The sound of her voice, almost like a prayer, got lifted up into the canopy by the breeze,
and scattered into the world the same way she looked scared she, herself, would be:
Just carried away, never to be seen again.
As my boldest one, normally, the word “scared” surprised me.
Just a year ago, pulsing with young teen hormones and emboldened by all the slammed doors, I’m assuming, it seemed like she would do anything – even catch a south-bound train with only a knapsack and a can of beans in her possession – just to get away from me.
But, on this night, after talking some more,
I realized that the bottom line is that she is feeling a thing that I’ve been contemplating as a recurring theme in all of life lately –
She is afraid to move into a brand new phase that is so different from anything she has experienced yet.
The Unknown always feels like one of our biggest enemies.
Once she crosses that stage at the end of this next school year, and is handed that diploma,
the world becomes one big question mark formed of pressures from all sides, and she just isn’t ready for it.
We wound around corners, past blackberry bushes and onto the sun-lit clearing,
which seemed like the perfect backdrop for the words, both spoken and unspoken, that I was hearing.

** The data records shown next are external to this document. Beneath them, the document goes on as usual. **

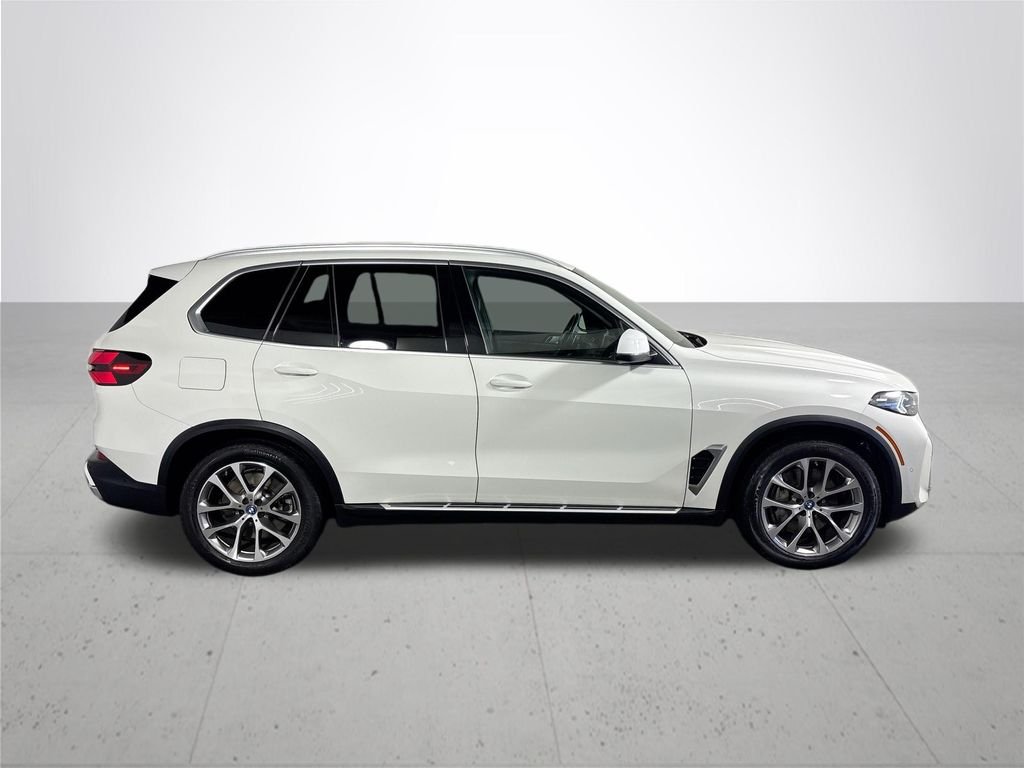 Used 2025 Alpine White BMW xDrive50e image 5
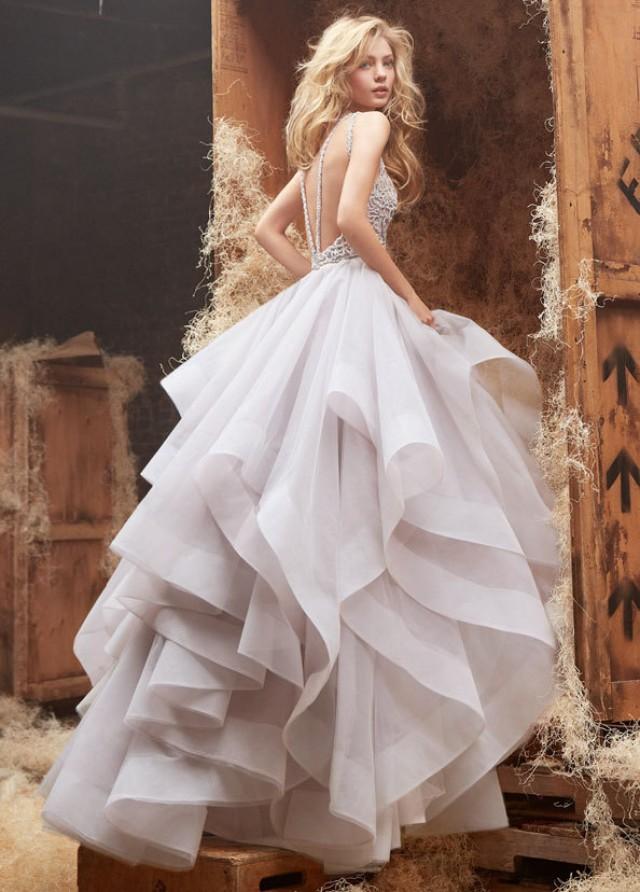 latest-fashion-wedding-dress-online-for-wedding-2158864-weddbook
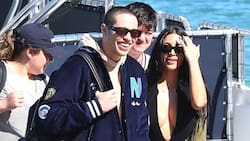 Kim Kardashian y Pete Davidson cenaron en casa uno de los hombres más millonarios del mundo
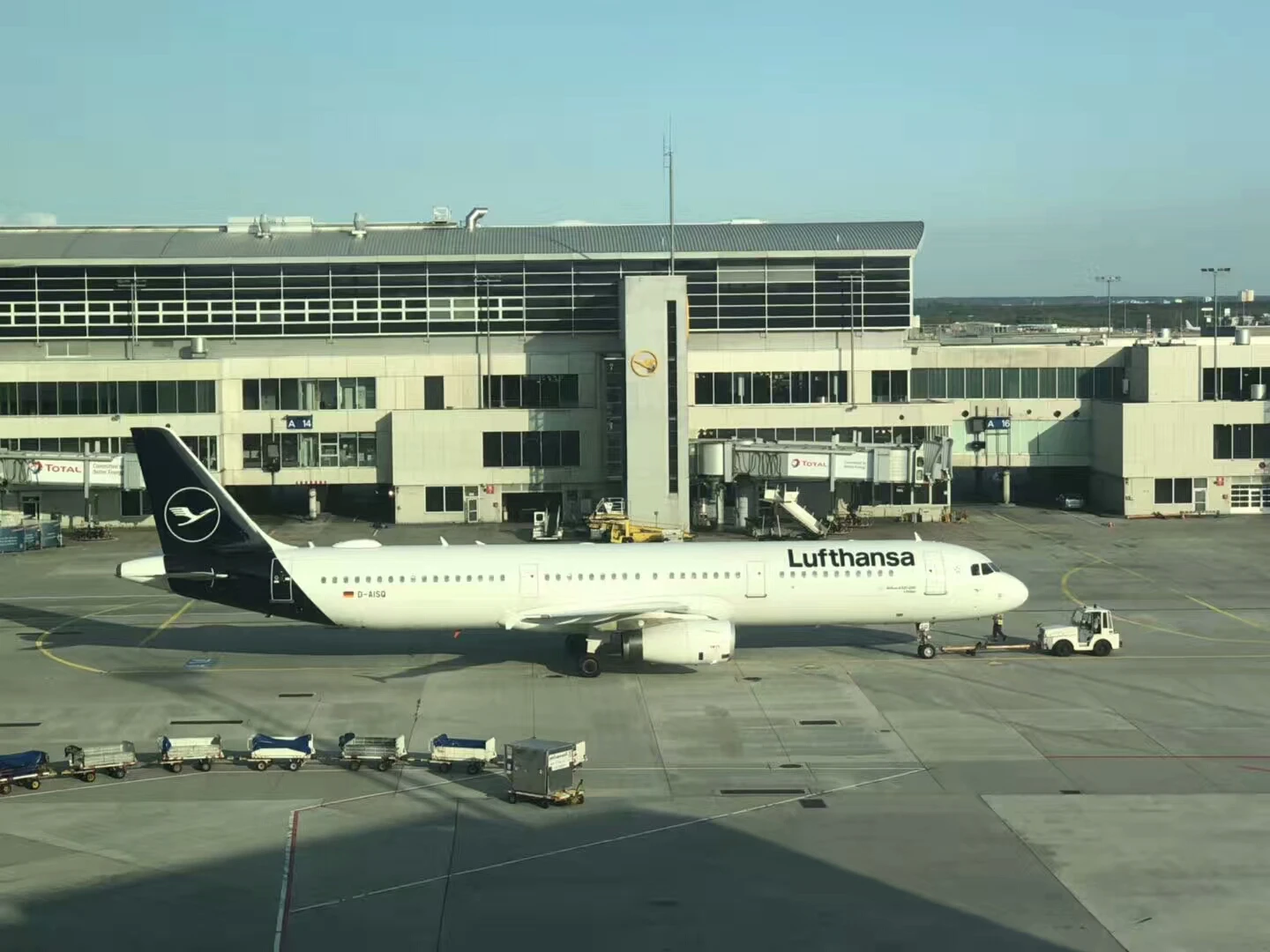 Max.63ton A320 B737 empty load drawbar tug pushback aircraft towing tractor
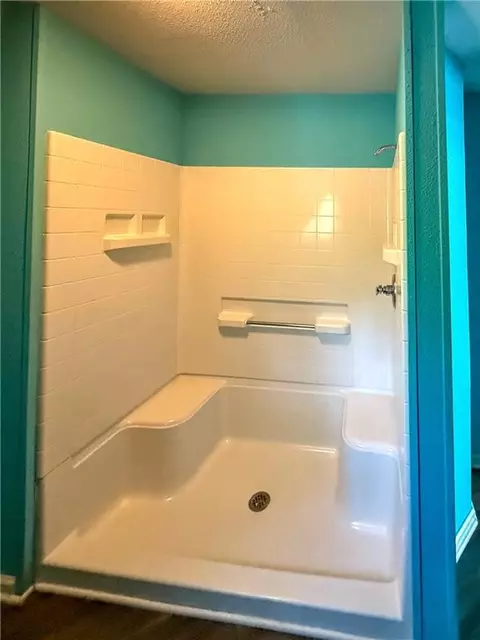 Bath - 5538 SE Lakeview Dr, Lathrop, MO 64465 photo 2 of 2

I talked to her about things I remember from when I was her age, facing out towards my own future, facing the same mysteries and fears.
Then I told her the thing I have realized is a theme of life for so many people, especially if you are the type that notices the small things, and feels things deeply.
I told her the same thing I’ve told my oldest daughter, who is now mourning the too-swift passage of time that happens in your baby’s first year of life, when they grow much too fast for your liking, when that one pair of footie pajamas you loved so much no longer fits them…
The same thing I’ve told myself hundreds of times now, especially as I face this new stage of life where my old skills aren’t needed or wanted by my family as much,
and there’s a ME, who I am at my core,
to re-discover:
“So much of life is not feeling ready.
I feel it with you girls so often.
But the thing you can’t know until you’re in the space where the unknown USED to be
is that, even though everything might look different than it used to,
there is still so much good waiting for you up ahead in what, right now, just looks like darkness.”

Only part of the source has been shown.